Brain Metastases in HER2-Positive Breast Cancer: Current and Novel Treatment Strategies
- PMID: 34208287
- PMCID: PMC8230933
- DOI: 10.3390/cancers13122927
Brain Metastases in HER2-Positive Breast Cancer: Current and Novel Treatment Strategies
Abstract
Development of brain metastases can occur in up to 30-50% of patients with breast cancer, representing a significant impact on an individual patient in terms of survival and quality of life. Patients with HER2-positive breast cancer have an increased risk of developing brain metastases; however, screening for brain metastases is not currently recommended due to the lack of robust evidence to support survival benefit. In recent years, several novel anti-HER2 agents have led to significant improvements in the outcomes of HER2-positive metastatic breast cancer. Despite these advances, brain and leptomeningeal metastases from HER2-positive breast cancer remain a significant cause of morbidity and mortality, and their optimal management remains an unmet need. This review presents an update on the current and novel treatment strategies for patients with brain metastases from HER2-positive breast cancer and discusses the open questions in the field.
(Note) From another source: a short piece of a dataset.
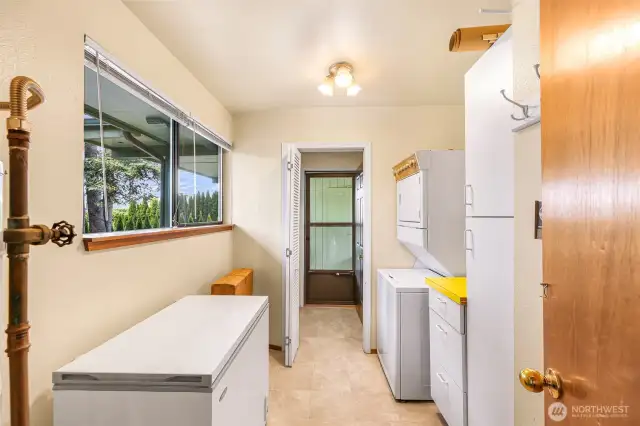 Utility room is off of the entry and another external door leads here through a "mudroom" with a shower to the carport.
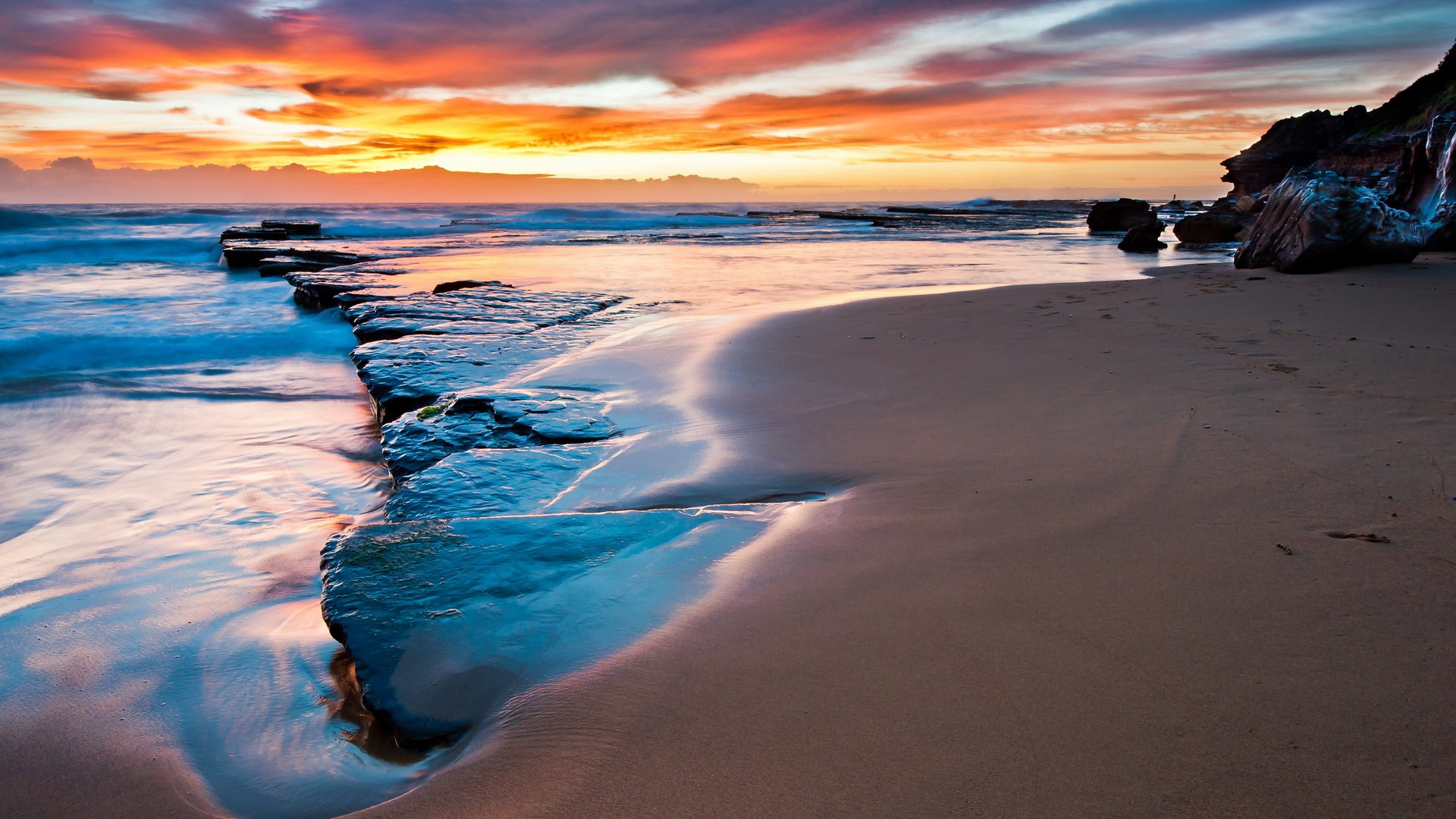 Sunset over a rocky beach with ocean waves HD Wallpaper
Keywords: CNS; HER2; brain metastasis; breast cancer; lapatinib; metastatic; neratinib; pertuzumab; trastuzumab; tucatinib.
Conflict of interest statement
Authors A.P. and A.G.-A declare no conflict of interest. M.O. reports grant/research support (to the Institution) from AstraZeneca, Genentech, Roche, Novartis, Immunomedics, Seattle Genetics, GSK, Boehringer-Ingelheim, PUMA Biotechnology and Zenith Epigenetics; a consultant role for Roche/Genentech, GSK, PUMA Biotechnology, AstraZeneca; honoraria from Roche, Seattle Genetics, Novartis; and travel grants from Roche, Pierre-Fabre, Novartis, Eisai.